• **PROBLEM TO WORK ON**:
Omit all images, then repeat exactly the lines below from the one containing "Farm Fresh Garlic" through the one containing "Miniature House Book", both ends included.

• **SUPPLIED ENTRIES**:

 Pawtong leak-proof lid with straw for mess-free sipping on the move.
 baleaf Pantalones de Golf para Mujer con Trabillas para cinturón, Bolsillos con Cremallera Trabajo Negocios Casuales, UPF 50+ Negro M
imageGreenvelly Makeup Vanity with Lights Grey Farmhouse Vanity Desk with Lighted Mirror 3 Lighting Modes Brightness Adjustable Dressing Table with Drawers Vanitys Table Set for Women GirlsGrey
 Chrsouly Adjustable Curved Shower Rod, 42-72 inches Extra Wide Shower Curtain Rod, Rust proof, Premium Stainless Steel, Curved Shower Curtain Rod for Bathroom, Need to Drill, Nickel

...

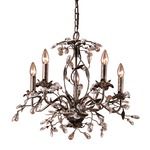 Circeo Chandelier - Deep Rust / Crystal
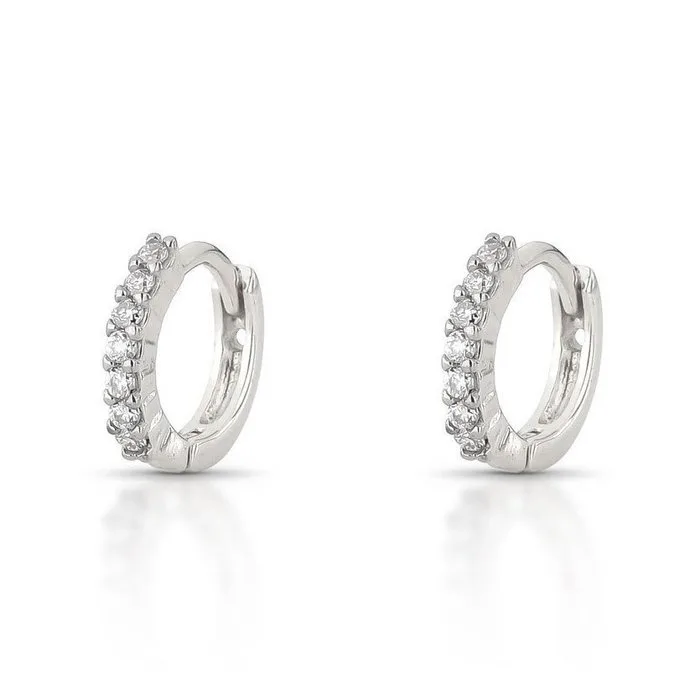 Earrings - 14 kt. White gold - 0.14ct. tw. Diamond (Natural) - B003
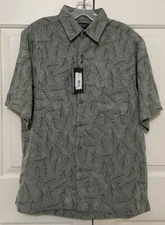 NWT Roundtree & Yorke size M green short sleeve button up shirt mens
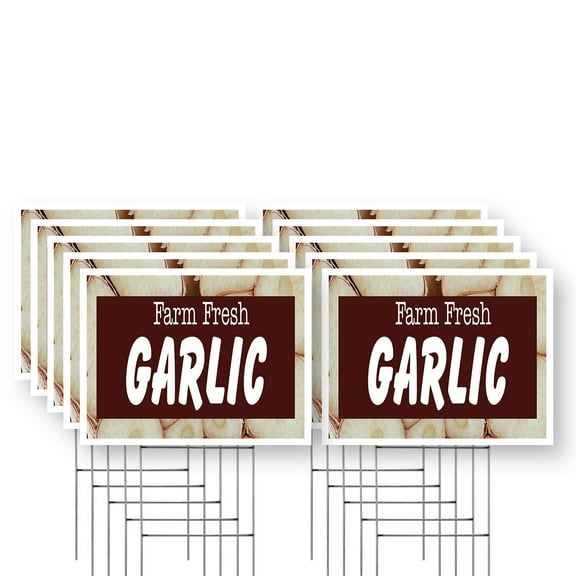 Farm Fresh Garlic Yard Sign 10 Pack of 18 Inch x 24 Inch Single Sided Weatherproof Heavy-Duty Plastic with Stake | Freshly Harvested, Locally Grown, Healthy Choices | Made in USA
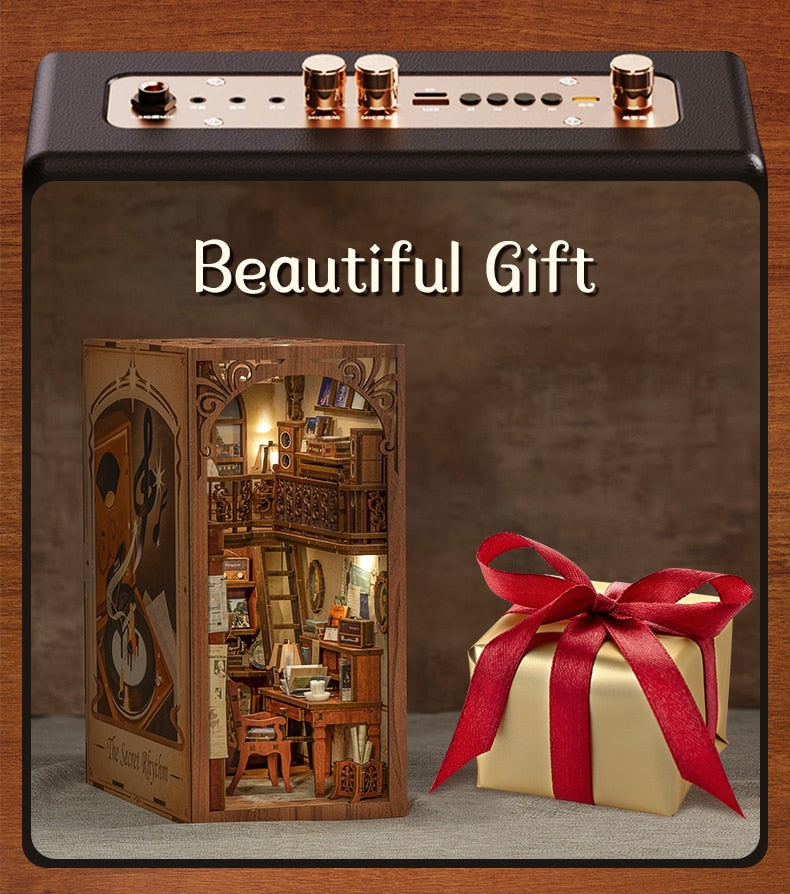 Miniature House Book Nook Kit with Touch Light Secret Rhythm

• **REPLY TO THE EXERCISE**:
 Farm Fresh Garlic Yard Sign 10 Pack of 18 Inch x 24 Inch Single Sided Weatherproof Heavy-Duty Plastic with Stake | Freshly Harvested, Locally Grown, Healthy Choices | Made in USA
 Miniature House Book Nook Kit with Touch Light Secret Rhythm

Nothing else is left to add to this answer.